3.マンションの防音リフォームで注意すること
マンションの防音リフォームをする際には、いくつか重要な注意点があります。
3-1.管理規約を確認する
マンションのリフォームで重要なのが、管理規約の確認です。
マンションには共用部分と専有部分があり、共用部分は原則としてリフォームできません。外壁に面する窓は共用部分となるため、窓自体の交換は難しいケースが多いでしょう。
また、床材や壁材の防音性能に規定が設けられている場合があるので、必ずチェックしましょう。フローリングには「遮音等級」という音の伝わり方を示す指標があり、数字が小さいほど遮音性が高くなっています。
マンションの管理規約では遮音等級L-45以上と規定されていることが多く、人が走り回ったときや飛び跳ねたときの音が聞こえても、意識することはあまりないレベルといわれています。
| 遮音等級 | 足音、物の落下衝撃音など | マンションの生活状態 |
|---|---|---|
| L-40 | ほとんど聞こえない | 気にせずに生活できる |
| L-45 | サンダルで歩く足音は聞こえる | 少し気をつける |
| L-50 | スプーンを落とす音は聞こえる | やや注意する |
| L-55 | スリッパで歩く足音は聞こえる | 注意しないといけない |
| L-60 | 箸を落とした音は聞こえる | 何とか我慢できる程度 |
| L-65 | 硬貨を落とした音は聞こえる | 我慢できない |
3-2.マンションリフォームが得意な会社を選ぶ
次に、マンションリフォームの経験が豊富な業者を選ぶことが大切です。
マンションのリフォームは一戸建ての場合と異なり、さまざまな制約や特殊な工法が必要となることがあります。

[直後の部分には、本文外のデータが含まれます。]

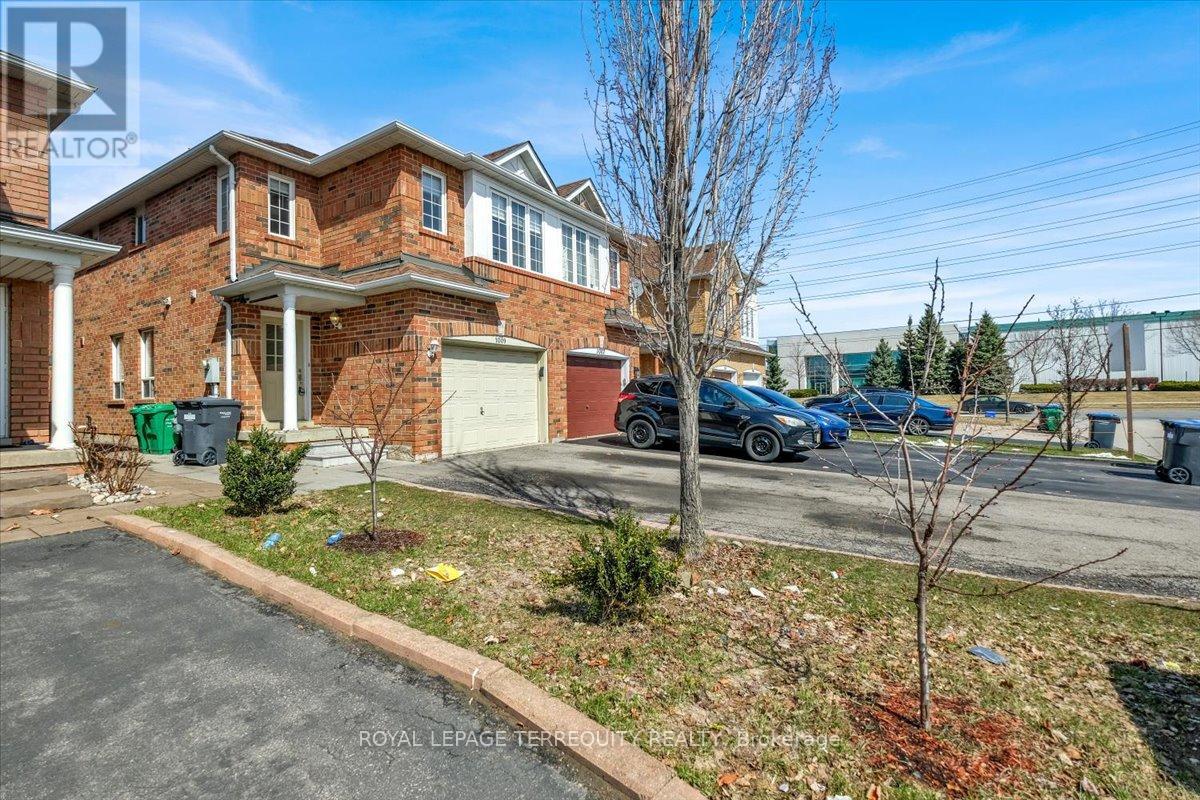 Property at 1009 WINDBROOK GROVE image 2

そのため、マンション特有の事情に詳しい業者を選ぶことで、スムーズな工事進行と高品質な仕上がりを期待できます。
会社によってはマンションの管理組合と連携をとって申請を手伝ってくれるところもあります。自分の手間や負担を軽減したい場合は、会社選びから工夫してみましょう。
3-3.工事期間中の生活について考える
工事期間中の生活について事前に考慮することも重要です。
一部屋分のフローリングの張替えや内窓設置などの小規模な工事であれば、1日~数日で工事が完了するので工事期間中の予定を調整するだけですむでしょう。
一方で、全部屋のフローリングの張替えや間取り変更を伴う本格的な防音室の設置など、大規模な防音リフォームの場合は一時的な仮住まいが必要になることもあります。
以下の工期の目安を参考に、工事期間中の過ごし方を検討してみてください。
| 工事内容 | 工期 |
|---|---|
| 防音フローリングの張り替え | 1〜2日程度 |
| 内窓設置リフォーム | 1日程度 |
| 防音室の設置 | 1週間〜1ヶ月程度 |
また、工事中は騒音や振動が発生するため、近隣住民へ配慮して事前に挨拶をしておきましょう。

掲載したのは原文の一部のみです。